As I said, this should be simple. There is no right way to read this text that would allow for Christians to claim that people cannot marry across ethnic lines. That was an argument prevalent in a racist past, but it should not be considered today.
And, while this argument should be simple, it also appears that, when we watch many self-proclaimed Christians in practice, its primary point is something we either miss or ignore.
In Deuteronomy, God forbids his followers for marrying those who do not follow him. In the New Testament, God is clear that this principle still stands. Christians are not to marry outside of the faith. But, as a pastor, I will say to you that I know of few commands more quickly disobeyed by young believers who have allowed themselves to become emotionally connected to a lost person.
So, let me say this with absolute clarity: Christians are not to marry non-Christians. Since this is true, it is at best foolish and at worst sin for a Christian to allow himself or herself to become romantically interested in a person who is not in the faith.

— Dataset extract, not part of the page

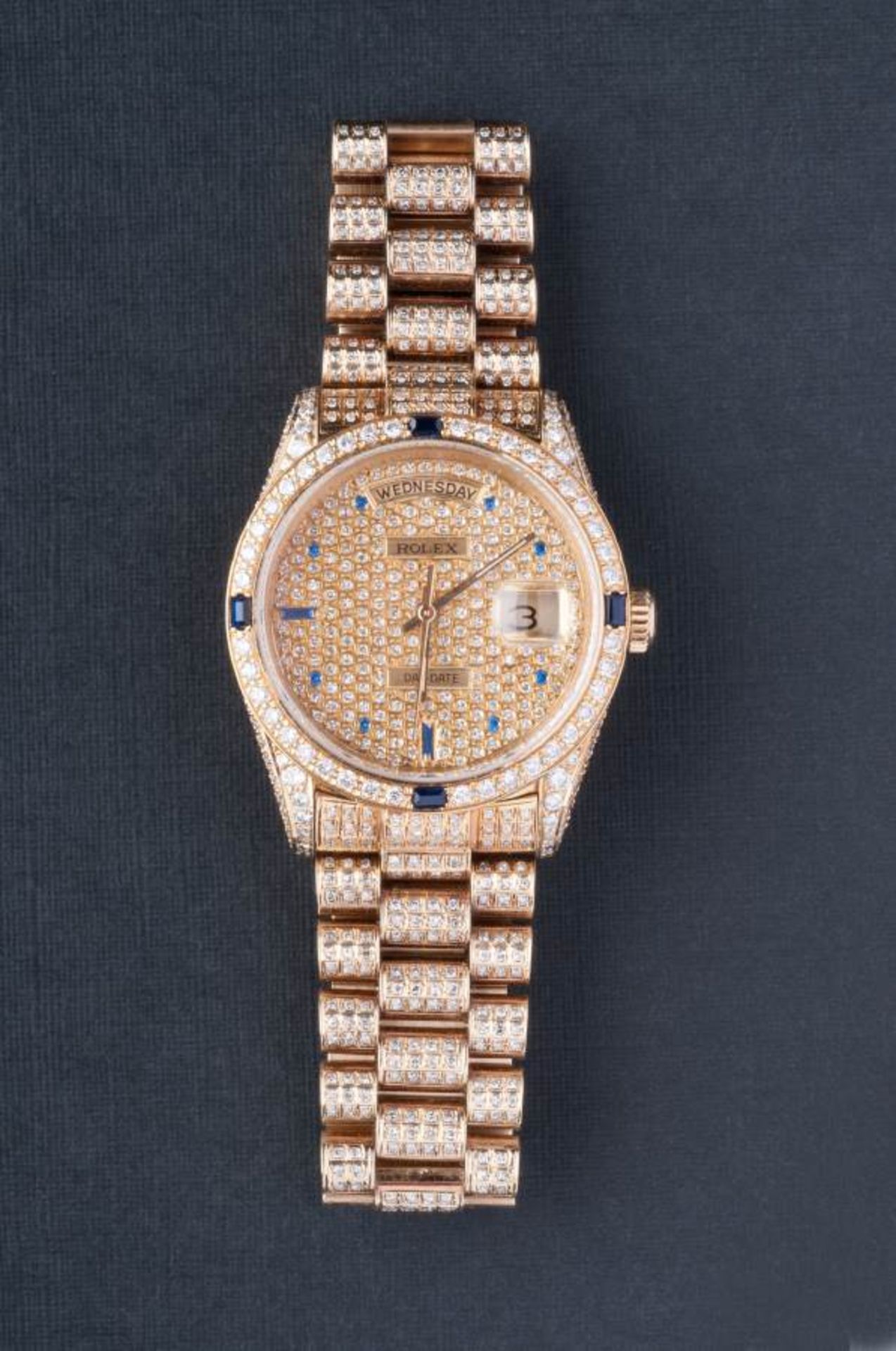 Stunning Gents 18ct Gold Rolex set with approx 10.5 Carats of Diamonds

The union of a believer and a non-believer leads to pain and confusion. And, worst of all, that union dishonors the name of God as the believer declares by his or her actions that God’s commands are secondary to our romantic desires.
I know that, for many a believer, this is a painful thing to read. I have known and still know so many dear believers who made the choice to marry a lost person in their youth. For some, God has even graciously chosen to save that spouse. For many others, however, that choice, while leading to a happy marriage in general, has led to deep fear and heartache as the believer realizes that his or her spouse is outside of god’s grace and destined for judgment. And, for still others, this decision has led to deep unhappiness as they realize that they have married a person whose ethics and values will never be those of the Christian.
Friends, I do not write this to be mean to anybody. But I do write it to be, perhaps, a warning that will be heeded. It is a sin for a Christian to marry a non-Christian. Compromise occurs when the believer disobeys God’s command here. And, God warns that other compromises are likely to be introduced as the lost spouse will, actively or passively, attempt to persuade the believer to embrace values or behaviors that are against Scripture.
There are many sins that we fall into in our youth. I have more failures in my past than I can count, and certainly more than I am willing to recount for the Internet. And all sin is wicked rebellion against the Lord. But the sin of marrying outside of the faith is terribly destructive, because it is a sin that has lifelong implications. If you have failed here, know that the grace of Christ covers all sins of all who come to him. But you know that this choice has impacted your life deeply. And if you are a Christian considering a relationship with a non-believer, I urge you, I plead with you, for the glory of God and the good of your very life, please turn from this now. You need to be united to a person who knows your Lord and who loves his word. Anything else is devastating to you and dishonoring to God.